→ **DATA BELOW**:
====

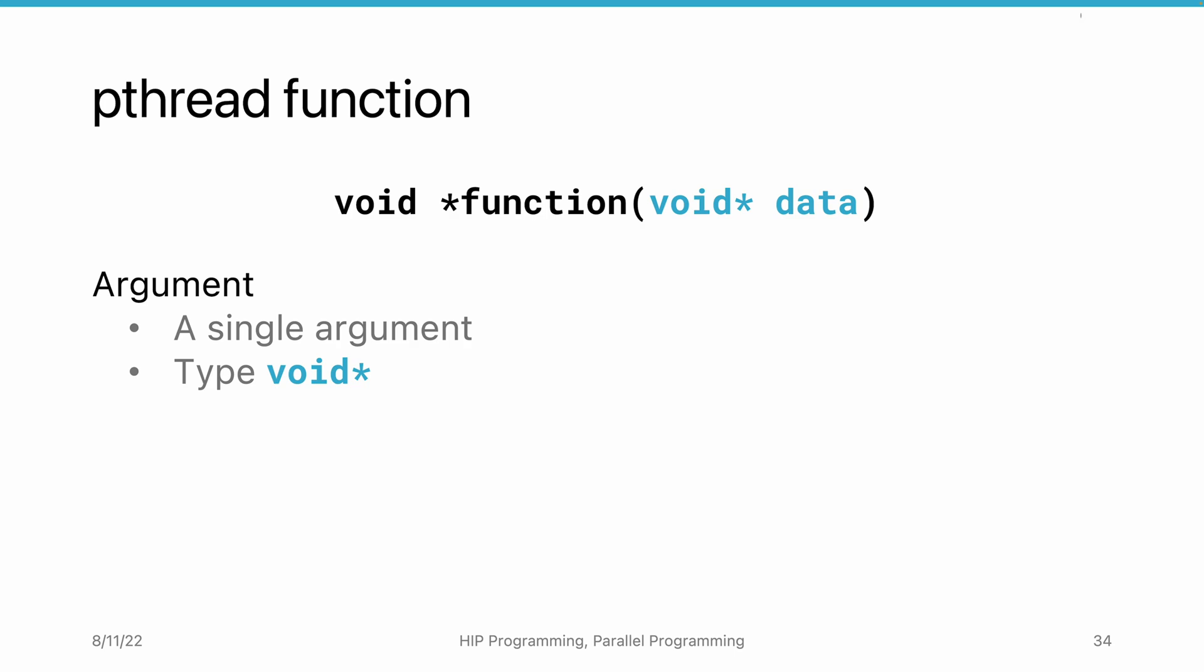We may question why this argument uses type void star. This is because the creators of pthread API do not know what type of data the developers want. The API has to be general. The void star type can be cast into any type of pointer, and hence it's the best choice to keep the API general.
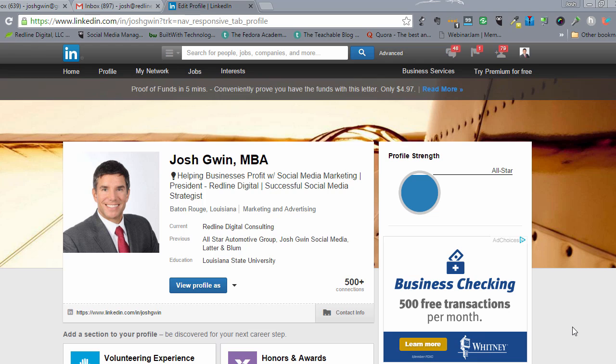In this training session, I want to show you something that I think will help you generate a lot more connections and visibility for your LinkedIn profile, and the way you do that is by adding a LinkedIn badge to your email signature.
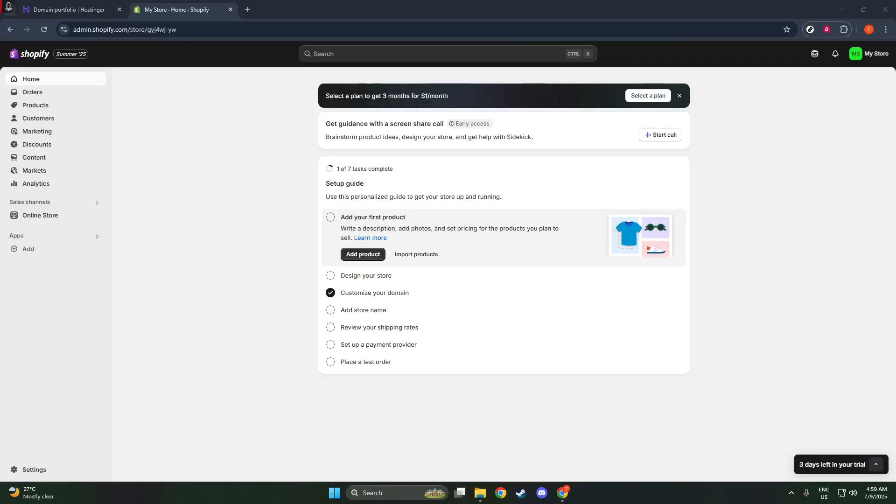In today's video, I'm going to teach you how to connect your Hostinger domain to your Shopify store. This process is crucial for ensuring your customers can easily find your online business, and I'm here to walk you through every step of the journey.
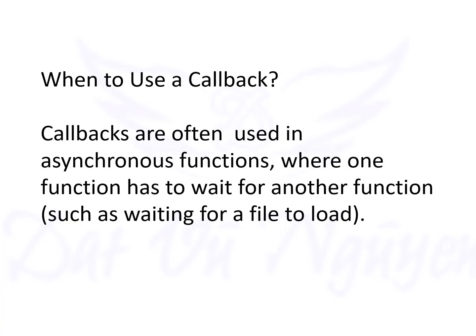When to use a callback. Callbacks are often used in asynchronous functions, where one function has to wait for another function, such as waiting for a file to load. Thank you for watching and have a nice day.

====

→ **PROBLEM REQUIREMENTS**: A word-for-word transcription of the listing is needed, minus its images.

→ **REPLY**:
We may question why this argument uses type void star. This is because the creators of pthread API do not know what type of data the developers want. The API has to be general. The void star type can be cast into any type of pointer, and hence it's the best choice to keep the API general.
In this training session, I want to show you something that I think will help you generate a lot more connections and visibility for your LinkedIn profile, and the way you do that is by adding a LinkedIn badge to your email signature.
In today's video, I'm going to teach you how to connect your Hostinger domain to your Shopify store. This process is crucial for ensuring your customers can easily find your online business, and I'm here to walk you through every step of the journey.
When to use a callback. Callbacks are often used in asynchronous functions, where one function has to wait for another function, such as waiting for a file to load. Thank you for watching and have a nice day.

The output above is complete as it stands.